(Input begins)

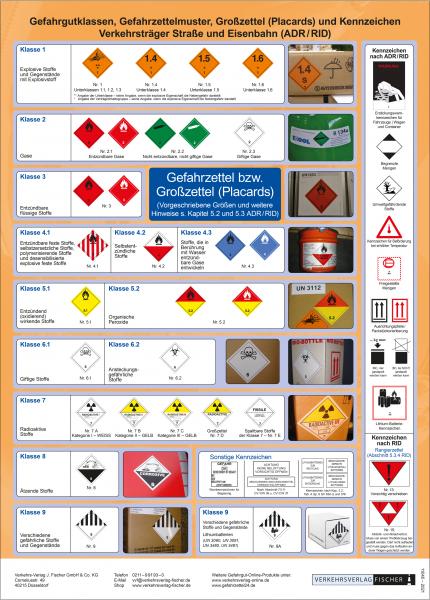 Poster "Gefahrgutklassen"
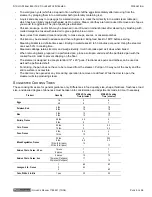 Preview for 9 page of Southbend StratoSteam STRE-3D Owner'S Manual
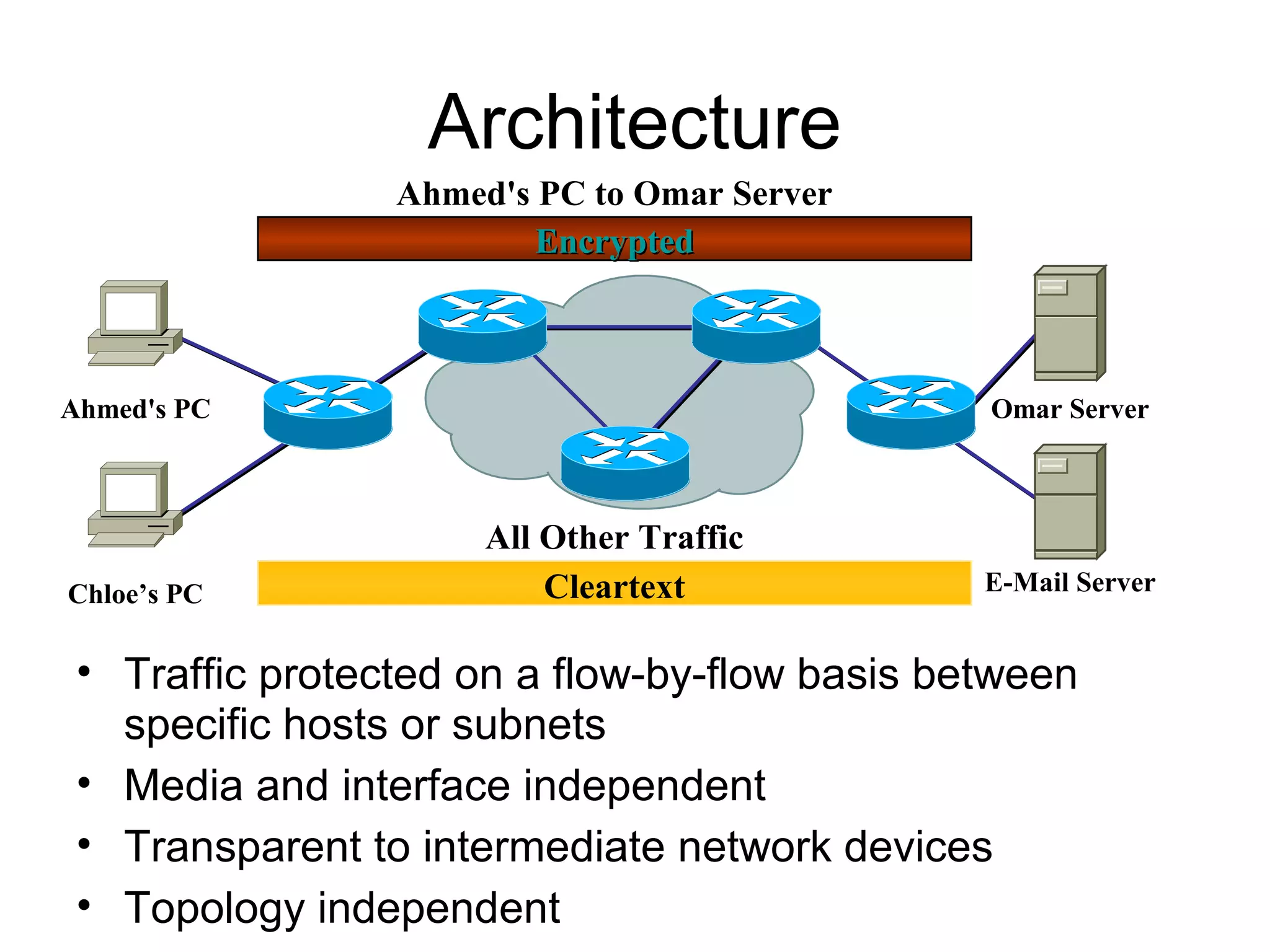 Architecture
                 Ahmed's PC to Omar Server
                         Encrypted



Ahmed's PC                                     Omar Server



                      All Other Traffic
Chloe’s PC                Cleartext            E-Mail Server


 • Traffic protected on a flow-by-flow basis between
   specific hosts or subnets
 • Media and interface independent
 • Transparent to intermediate network devices
 • Topology independent
 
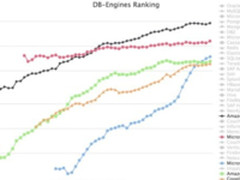 微软 Cosmos DB 能击败AWS云数据库吗？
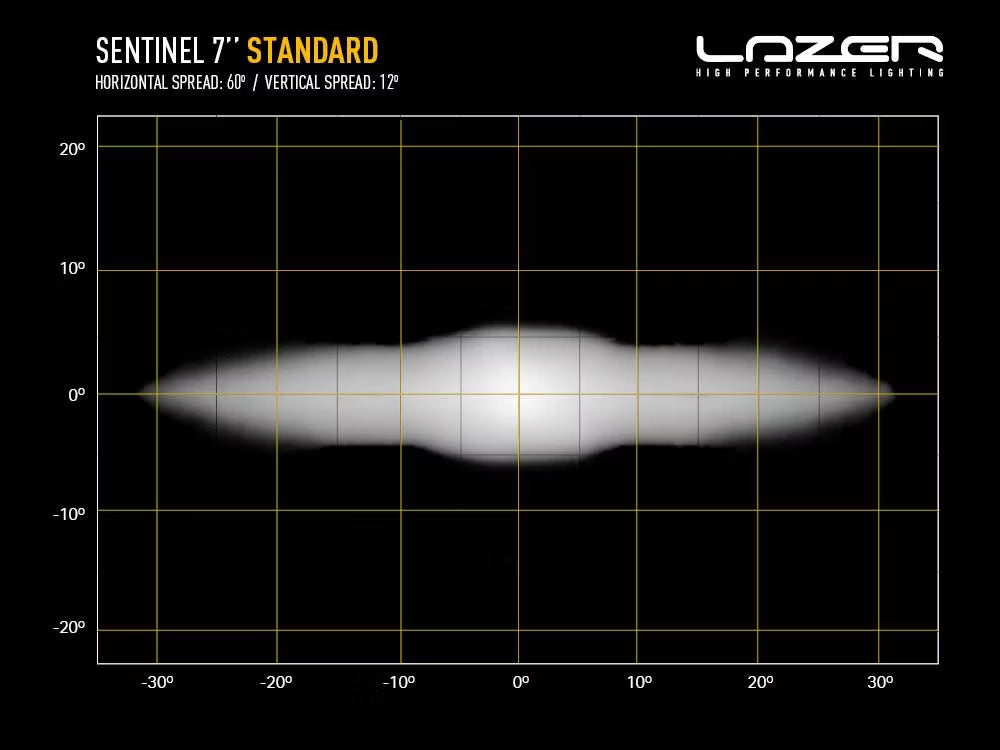 LED Ekstra lys Sentinel Black 7" med E-Boost 62W - brug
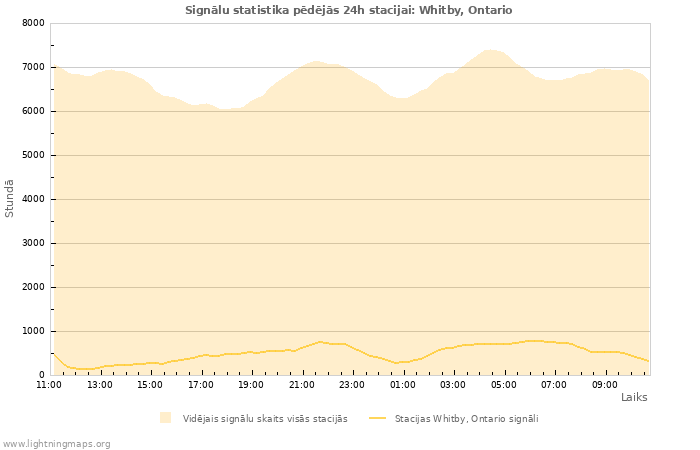 Grafiki: Signālu statistika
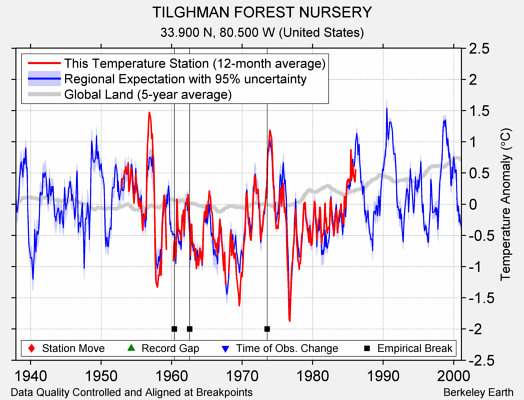 TILGHMAN FOREST NURSERY comparison to regional expectation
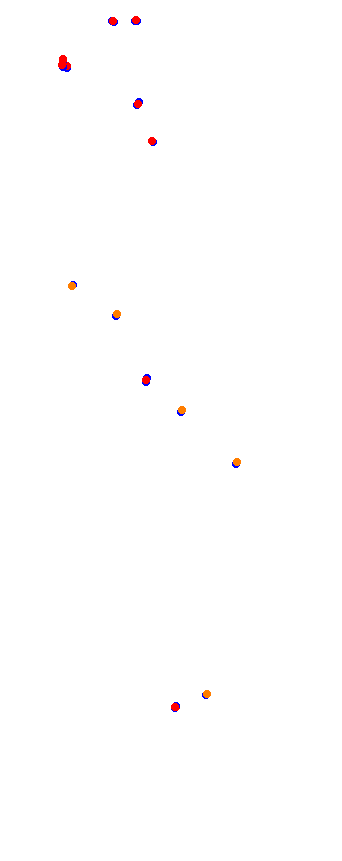 magione collisions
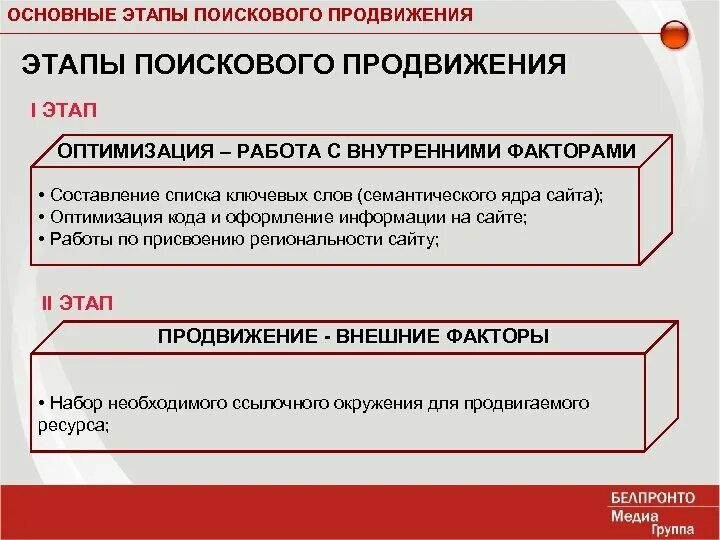 Фазы оптимизации
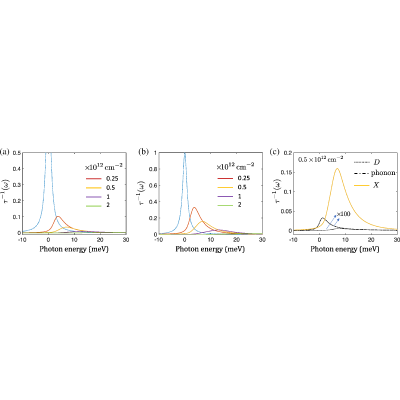 Figure 18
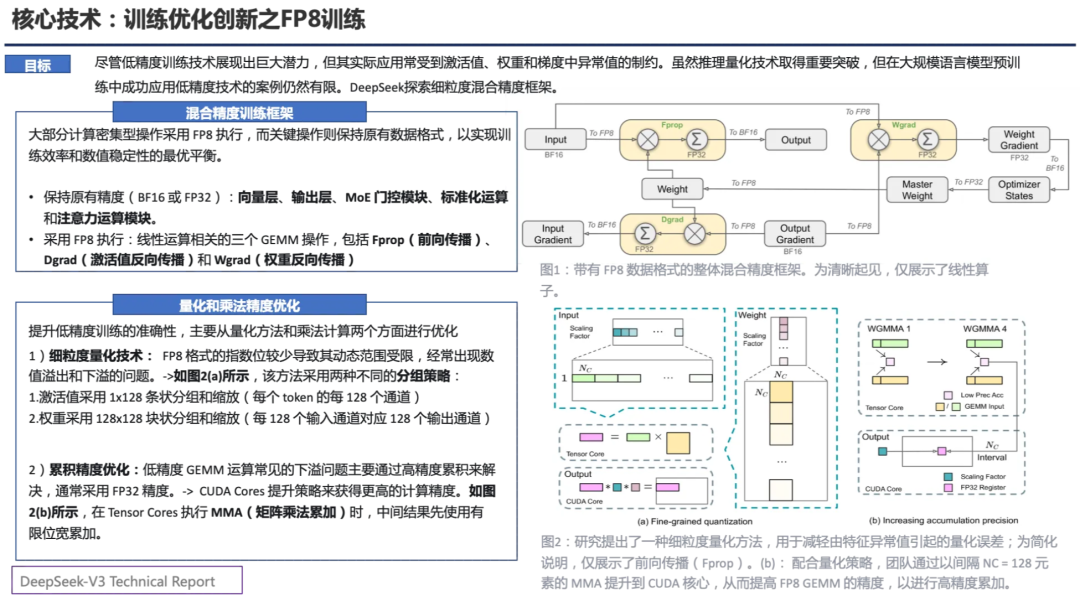 PPT汇总:DeepSeek核心技术前世今生
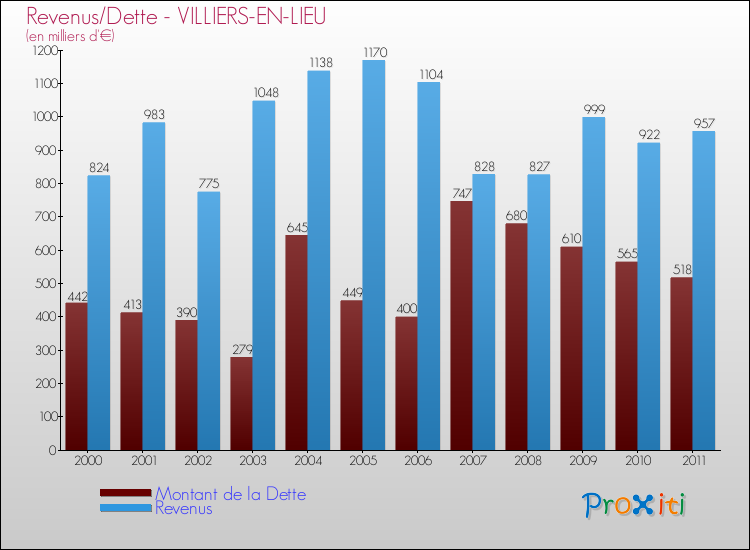 Evolution comparée de la dette et des revenus pour la commune de VILLIERS-EN-LIEU de 2000 à 2011 Comparaison de la dette et des revenus pour VILLIERS-EN-LIEU de 2000 à 2011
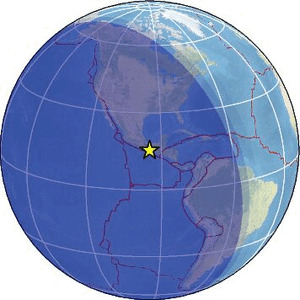 Global view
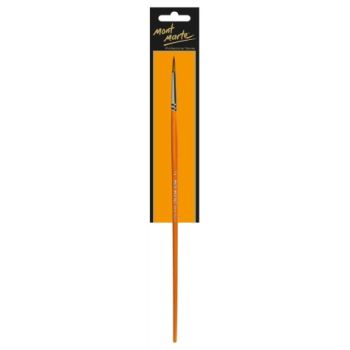 M.M. Artist Brush Taklon Round 2 Kit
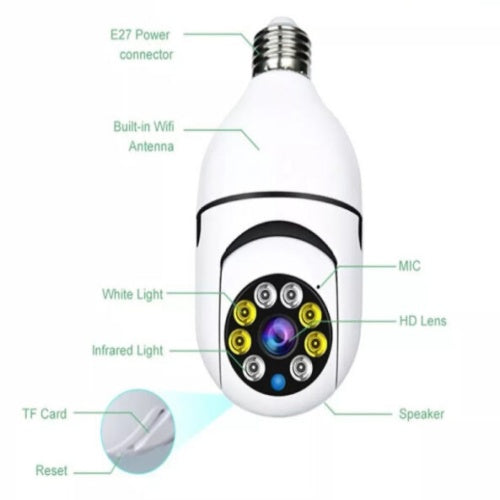 LitLamp™ 360° Lamp Bulb Camera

(Input ends)

- _What you are asked to do_
The output is the stretch above from the line with "LED Ekstra lys" through the line with "M.M. Artist Brush Taklon Round 2 Kit", copied word for word with both ends kept and every picture dropped.

- _Task response_
 LED Ekstra lys Sentinel Black 7" med E-Boost 62W - brug
 Grafiki: Signālu statistika
 TILGHMAN FOREST NURSERY comparison to regional expectation
 magione collisions
 Фазы оптимизации
 Figure 18
 PPT汇总:DeepSeek核心技术前世今生
 Evolution comparée de la dette et des revenus pour la commune de VILLIERS-EN-LIEU de 2000 à 2011 Comparaison de la dette et des revenus pour VILLIERS-EN-LIEU de 2000 à 2011
 Global view
 M.M. Artist Brush Taklon Round 2 Kit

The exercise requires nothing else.